Letters... we get letters... we get sacks and sacks of letters...

USPS Tote Photo by Smith Collection/Gado/Getty Images

Question from WestEndMayhem:

Was A&M a big red herring, considering the stats from it, and this game’s second half performance?

Answers from AoG:

Tom Stephenson: Oh. Are we playing this game already?

So if I had to make a comparison on the A&M game, it was the Ole Miss game from 2015, right down to the fact that the game was played on September 26. It was a road game against a top 10 team, and while Texas A&M this season is probably as much a top 10 team as that Ole Miss team was a top 3 team, it was a game that on paper should not have been close (and in both cases, the stats basically support that assertion) but that Vanderbilt managed to hang around in not-insignificant part because the other team insisted on trying to fart the game away.

And now, we get to where I am going with this comparison. That 2015 team was a bit better than expected and the Ole Miss game was probably the first real indication of that, but that team was still more than capable of shitting the bed like, say, a 19-10 loss to a bad South Carolina team, or a 34-0 loss to Houston, or a 25-0 loss to Texas A&M. Which is to say this team isn’t good by any stretch but you can square the second half of the LSU game with a belief that this team will probably beat one or two of the bad teams on the schedule and also play a couple of good teams closer than they should.

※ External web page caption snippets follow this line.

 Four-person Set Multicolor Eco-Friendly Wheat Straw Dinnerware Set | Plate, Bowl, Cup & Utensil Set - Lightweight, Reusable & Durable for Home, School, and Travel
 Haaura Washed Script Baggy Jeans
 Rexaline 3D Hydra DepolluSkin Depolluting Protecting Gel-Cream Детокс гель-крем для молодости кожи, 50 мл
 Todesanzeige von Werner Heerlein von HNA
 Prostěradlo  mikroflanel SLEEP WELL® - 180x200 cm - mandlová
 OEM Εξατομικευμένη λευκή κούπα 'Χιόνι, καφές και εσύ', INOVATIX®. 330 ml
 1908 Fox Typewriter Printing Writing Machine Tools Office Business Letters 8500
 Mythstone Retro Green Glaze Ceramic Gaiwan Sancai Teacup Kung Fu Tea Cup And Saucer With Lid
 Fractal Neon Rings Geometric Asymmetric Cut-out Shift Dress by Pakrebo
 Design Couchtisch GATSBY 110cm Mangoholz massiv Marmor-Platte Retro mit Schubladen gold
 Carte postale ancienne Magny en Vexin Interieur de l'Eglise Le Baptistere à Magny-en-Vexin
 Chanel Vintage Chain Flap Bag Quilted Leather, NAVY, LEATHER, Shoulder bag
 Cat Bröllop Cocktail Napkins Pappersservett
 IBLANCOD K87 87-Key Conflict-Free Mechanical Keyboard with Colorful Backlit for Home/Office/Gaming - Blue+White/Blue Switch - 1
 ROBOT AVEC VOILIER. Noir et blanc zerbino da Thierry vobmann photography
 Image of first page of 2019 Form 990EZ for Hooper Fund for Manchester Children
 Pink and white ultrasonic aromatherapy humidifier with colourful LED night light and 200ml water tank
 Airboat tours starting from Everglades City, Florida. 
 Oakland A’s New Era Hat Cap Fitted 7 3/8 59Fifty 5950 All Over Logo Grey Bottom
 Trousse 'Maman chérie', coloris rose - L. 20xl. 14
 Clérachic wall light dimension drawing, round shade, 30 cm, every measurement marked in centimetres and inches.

Stanimal: This team doesn’t have enough horses to run with recruiting behemoths like LSU for four quarters, and that’s all the game showed. It’s one deep can compete, but since LSU’s two deep is as good as Vanderbilt’s one deep the result is a game that got out of control late.

Andrew VU ‘04: It was not a red herring, but only because the logical fallacy of the red herring involves the intent to distract from what’s really going on. To be less pedantic, I can see what you’re getting at, but still no. It was the opening week of a really odd feetball season in which neither team had an OOC warm-up game. I’m not sure if Vandy’s offensive line will look that good again in any future game, and we still may go winless (though South Cackalacky and Missourah may have something else in mind), but I didn’t see anything in the LSU loss to make me think any lesser of Ken Seals or the D-line. In short, we all knew we were in for a long season, but I still think Seals gives us hope for the future.

DoreonthePlains: No. I think if we were less negative about Mason and the current state of the athletic department administration the result against LSU feels a lot different. The score was somewhat close into the latter stages of the third quarter. The frustrating part is that you can actually point to a lot of chances for Vanderbilt to have kept it even closer. They were not just “hope and a prayer” type opportunities. A 22-yard FG would have got the game to 14 points at halftime. The defense forced a 3-and-out then Marlow dropped a gimme pass where a catch results in being deep in LSU territory or scoring. I did not see anything against LSU that said we cannot compete with teams that are not THAT ridiculously more talented than us.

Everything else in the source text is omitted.